Stored data:
▬▬▬
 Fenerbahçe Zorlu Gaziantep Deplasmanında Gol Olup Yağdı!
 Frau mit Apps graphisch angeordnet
▬▬▬
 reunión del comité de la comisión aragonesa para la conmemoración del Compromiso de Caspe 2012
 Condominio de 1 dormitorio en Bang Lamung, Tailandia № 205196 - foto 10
▬▬▬
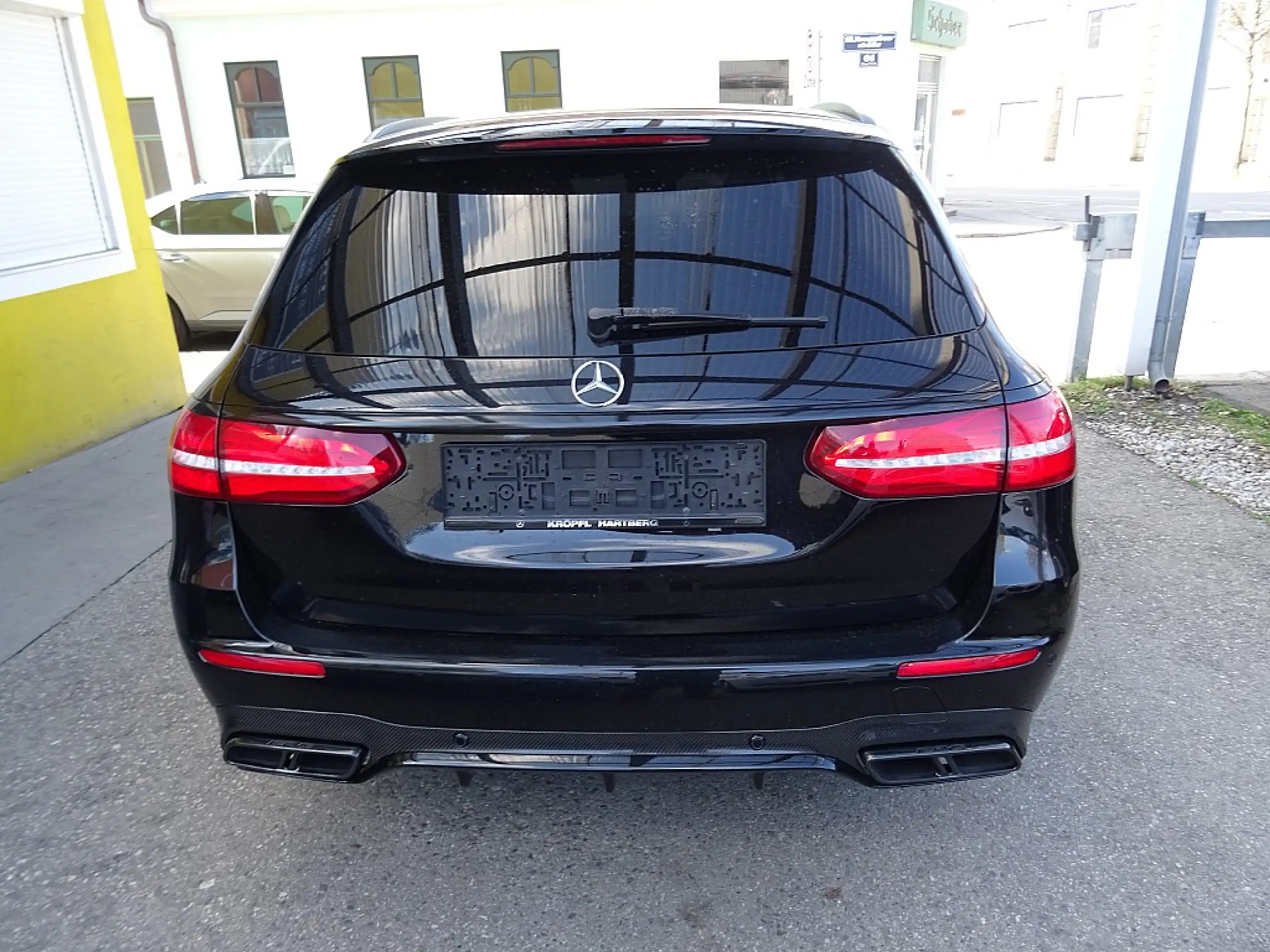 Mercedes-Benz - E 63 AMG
▬▬▬
What to work on:
Print again the lines of the entries above that fall between the line holding "Fenerbahçe Zorlu Gaziantep" and the line holding "Frau mit Apps graphisch angeordnet", inclusive, exactly as they stand.

Solution:
 Fenerbahçe Zorlu Gaziantep Deplasmanında Gol Olup Yağdı!
 Frau mit Apps graphisch angeordnet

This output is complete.